Some of the foregoing evidence is inadmissible, and with respect thereto consideration has been given to it herein for historic purposes only, some of it of only slight probative effect, but, considering the difficulty now of proving the extent of the island at the time of the confirmation, I believe that the admissible evidence before us shows that the land in controversy was at such time above the line of mean high tide, as the trial court held.
In United States v. Pacheco, 2 Wall.(69 U.S.) 587, 590, 17 L.Ed. 865, it is said: "By the common law, the shore of the sea, and, of course, of arms of the sea, is the land between ordinary high and low-water mark, the land over which the daily tides ebb and flow. When, therefore, the sea, or a bay, is named as a boundary, the line of ordinary high-water mark is always intended where the common law prevails."
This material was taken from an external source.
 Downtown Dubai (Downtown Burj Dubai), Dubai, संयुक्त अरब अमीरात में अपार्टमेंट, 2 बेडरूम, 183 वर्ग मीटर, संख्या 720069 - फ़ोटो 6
The decree of confirmation, stating the boundary as "the water's edge," would therefore mean the line of mean high tide, and such a description would include the land in question.
V. Other Questions.
Appellee contends, also, that from the time of the cession until the grant was finally confirmed or rejected, the lands ceded were reserved, and therefore could not pass to the state under the Swamp Act.
In San Francisco v. Le Roy, 138 U.S. 656, 670, 11 S.Ct. 364, 368, 34 L.Ed. 1096, it was said that the Swamp Act "was never intended to apply to lands held by the United States charged with any equitable claims of others, which they were bound by treaty to protect." Appellee also contends that the evidence shows possession of the land in question by Castro, which is an equitable claim (without the necessity of considering the decree), and therefore the land could not pass to the state.
Discussion of these questions is unnecessary in view of the conclusion I have heretofore reached.
In retrospect it seems to me that appellants' concessions on rehearing have made it impossible to legally support a title in appellants. The decision of the District Court should be affirmed.
For the reasons above set forth, I dissent from the majority opinion as amended and from the order denying the petition for rehearing.